Cheney’s crimes are cataloged (even if some are not strictly criminal), including the misleading of a president and a nation into an unnecessary war; orchestrating the warrant-free surveillance of U.S. citizens; depriving domestic and foreign suspects of their constitutional rights; and promoting the inane theory of the “unitary executive,” which is one of the legal lifebuoys to which President Donald Trump is currently clinging. It is not, in other words, the stuff of comedy. McKay would disagree, of course. But seldom has a film had such a physical effect on this viewer. And not a pleasant one.
Cheney’s crimes are cataloged (even if some are not strictly criminal), including the misleading of a president and a nation into an unnecessary war.
The unrecognizable Christian Bale is uncannily Cheney-like, all belly and jowls, but his performance is mostly an impersonation, one of those immersions in makeup and body fat that Hollywood loves to recognize—and just may come Oscar time.
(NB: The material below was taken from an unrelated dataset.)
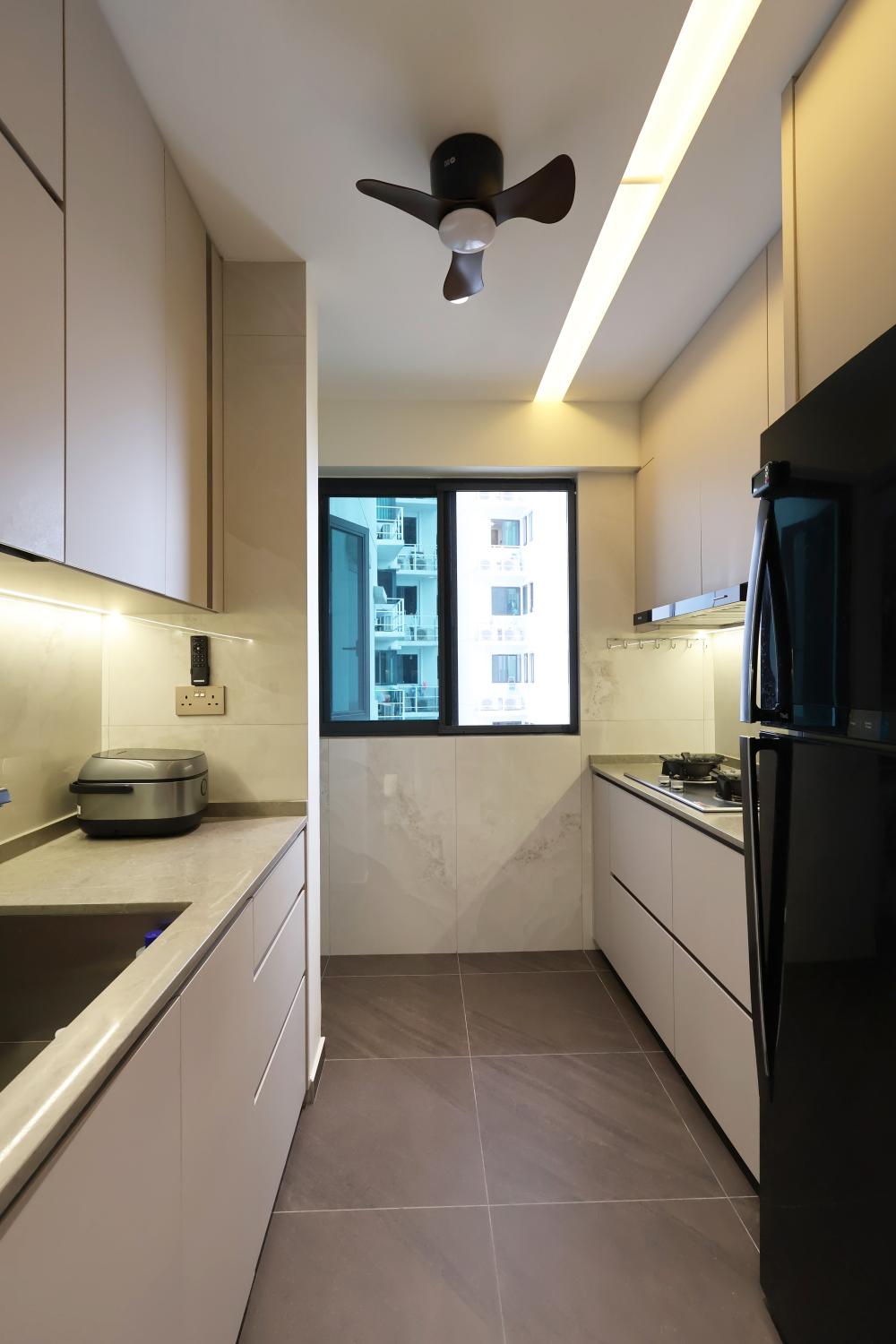 Contemporary Kitchen with Kitchen Window and Breakfast Counter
Carell is almost giddily ruthless as Rumsfeld, the only character in “Vice” with fewer scruples than Dick himself (though one should really go back to Errol Morris’s “The Unknown Known” and watch the real Rumsfeld obscure the truth). Amy Adams is Lynne Cheney, and it is a thankless role, with the affectations of a Donna Reed and the malignancy of Lady Macbeth. One of McKay’s fantastical gestures, in fact, is an ersatz-Shakespearean exchange between Lynne and Dick in their bedroom, which is, in the end, simply tiresome. Another involves a faux-set of end credits, which arrives mid-movie and pretends to leave the Cheneys in mid-career, out of politics, happy not to inflict any more damage on America. If only.
A third gesture—and the one that best defines the flawed DNA of “Vice”—occurs when Dick turns away from an interviewer’s camera and addresses the viewer directly, explaining in the patented Cheney snarl and growl how he does not care what people think, that he made the country safe, that he did it all for you, etc., etc., etc., ad nauseum. It is all delivered as if the speaker actually had principles—in a movie that has been telling you very emphatically, for more than two hours, that he definitely did not.
“Vice” isn’t a dishonest movie, exactly. It just enables dishonesty.